The study shows that wireless carriers have developed a selection of roaming products with a tendency towards flat daily rates and multi-service packages (e.g. voice minutes and/or data Mb and/or SMS messages in a single bag). Products and rate models are adapted to the consumer’s profile and habits. The configuration of the bags (e.g. a fixed number of minutes, megabytes or SMS for a set rate) is constantly being updated, with operators adapting the parameters and technical-retail conditions of the product to make use simple and costs clear and predictable for the user.

The report highlights a number of key trends:

• 35 per cent of operators offer voice bags (i.e. a fixed price for a certain number of minutes for incoming and/or outgoing calls to the home country or to various destinations within a fixed period of time).

• Nearly 60 per cent of operators offer one or more data bags (i.e. a fixed price for a certain amount of data traffic within a fixed period of time).

• Fixed daily prices and multi-service packages are still under development, though many operators already offer them.

• Since 2010, innovation in roaming services has decreased rates significantly, with all-time reductions reaching an average of up to 60 per cent for data and nearly 40 per cent for voice plans.

• New forms of retailing and rates allow users to receive up to 80 per cent off regular prices.

The study also reveals that services are becoming more transparent. The rate structure is being simplified and unified by country to help users better understand it. This new selection supplements the Data Roaming Transparency Scheme launched by GSMA Latin America in September 2012. This initiative, backed by 40 Latin American mobile operators, was geared towards aligning and improving transparency in data roaming in order for users to more easily view their charges for mobile data services used during trips in their region and abroad. The plan has given consumers more control over their use patterns, significantly reducing cases of bill-shock (i.e. exorbitant bills that take roaming users by surprise when they return from a trip).

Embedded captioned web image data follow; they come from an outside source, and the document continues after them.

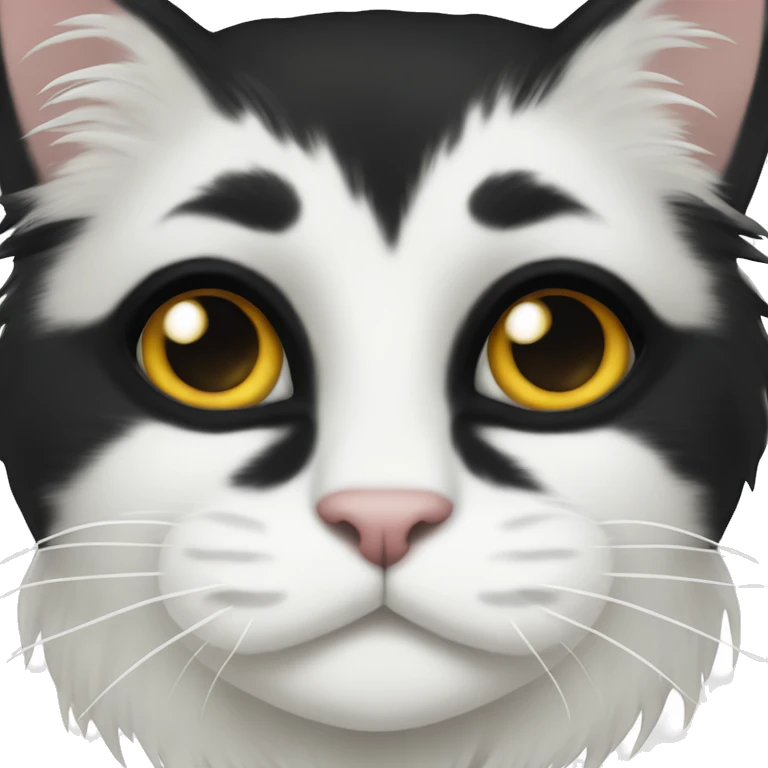 half Black and half white long hair cat with black spot on muzzle emoji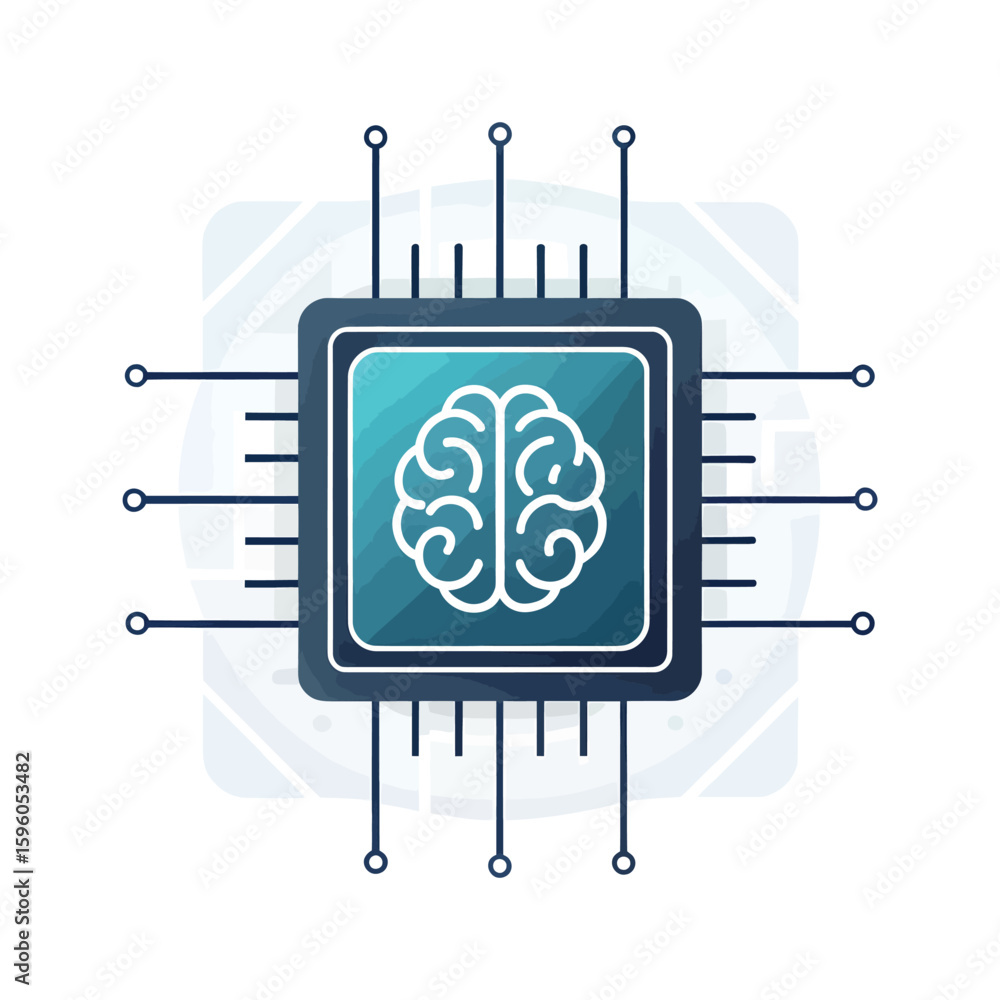 Poster ai chip: a meticulously crafted image featuring an intricate computer chip design at the heart of te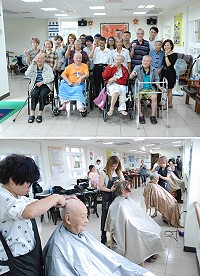 北市金鑽髮型(DIAMOND Hair salon)馬祖義剪活動7日來到大同之家,為20多位長者義剪。(圖/文:楊凱棻)
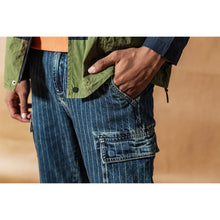 Load image into Gallery viewer, Cargo jeans men vintage Paneled fashion hip hop vertical stripes 100% cotton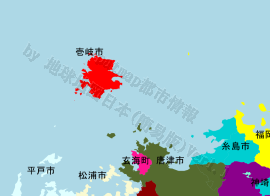 壱岐市の位置を示す地図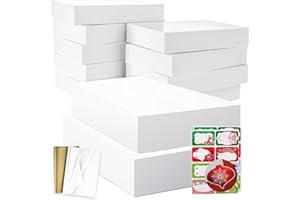 12 White Extra Large Gift Wrap Boxes Bulk with Lids, 12 Tissue paper and 80 Various Occasion Tag Stickers for Wrapping Oversi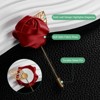 Unique Bargains Wedding Groom Suit Ribbon Rose Flower Lapel Pin with Gold Leaf 1 Pc - 2 of 4
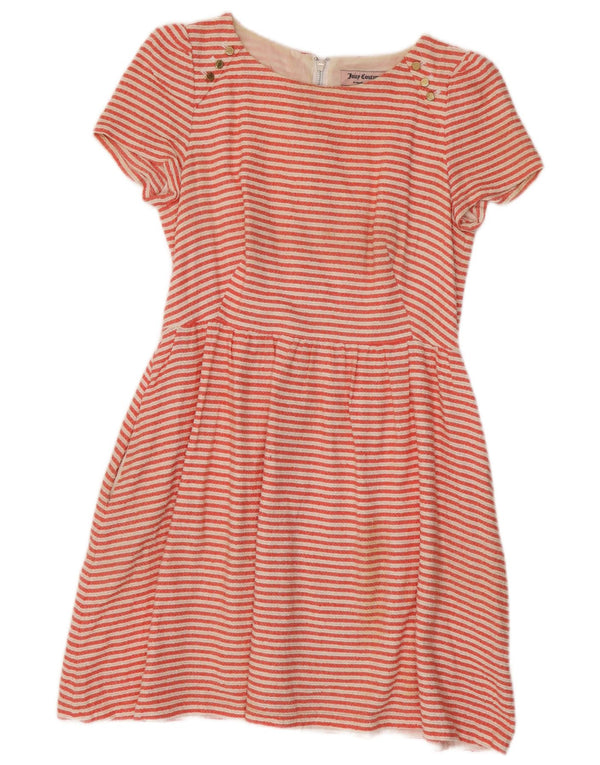 Juicy Couture Rochie A-Line pentru femei UK 10 Bumbac cu dungi roșii mici
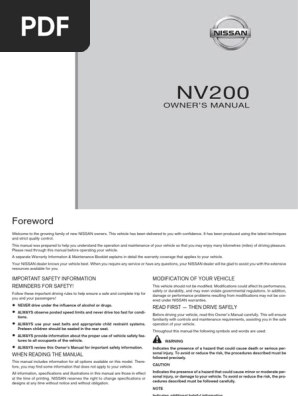 Nissan NV200 Owner's Manual Overview | PDF | Seat Belt | Airbag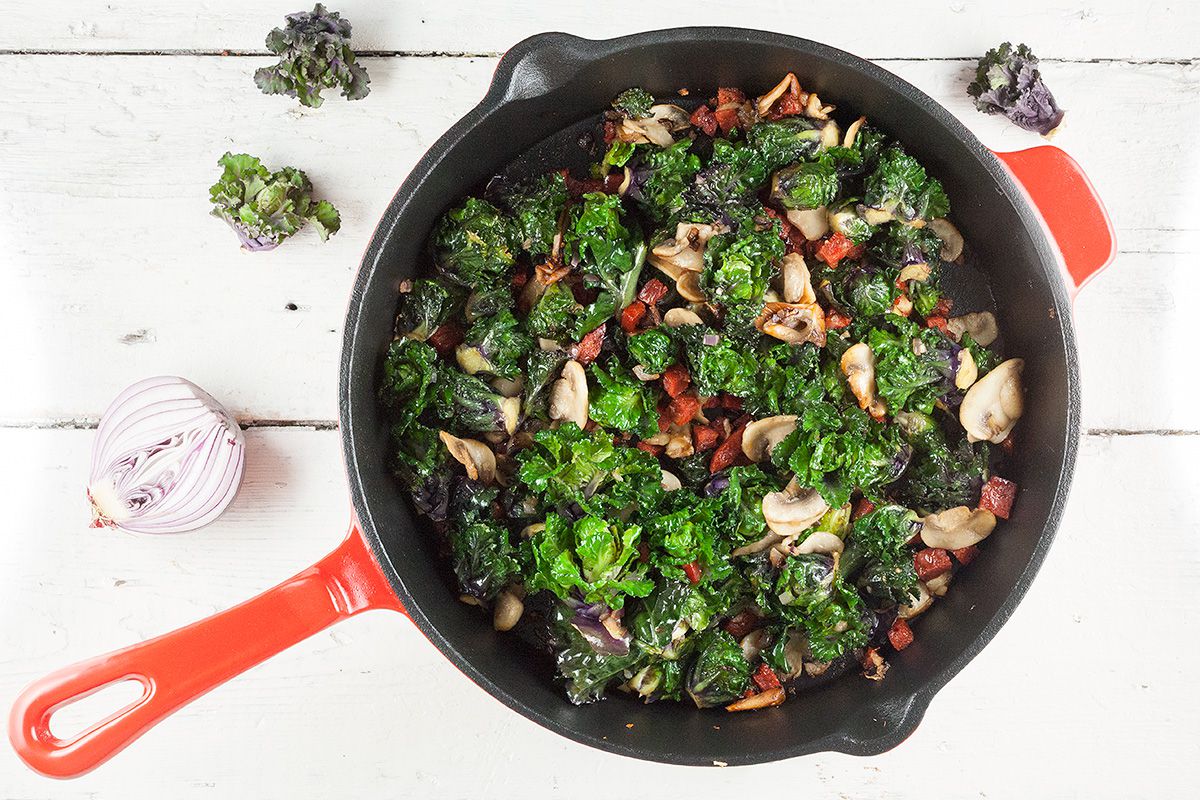 Flower sprouts with chorizo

On the other hand, the study emphasizes initiatives aimed at people in the region who live near country borders. Many operators are already offering roaming products with reduced rates adapted to the pattern and user habits of this particular segment, given that these consumers often need to use their cell phones on both sides of the border.

Although further developments are needed, wireless carriers across the region are working to diminish the cases of undetected roaming that sometimes occurs when users are near a border and pick up the signal of an operator in the neighboring country.
In spite of the advances, the study also points out that the mobile industry continues to face many adversities when it comes to expanding its selection. These include extremely high taxes imposed on operators, double taxation for offering service in two countries and the high levels of fraud that affect the industry. If these problems were resolved, users would experience even more notable benefits.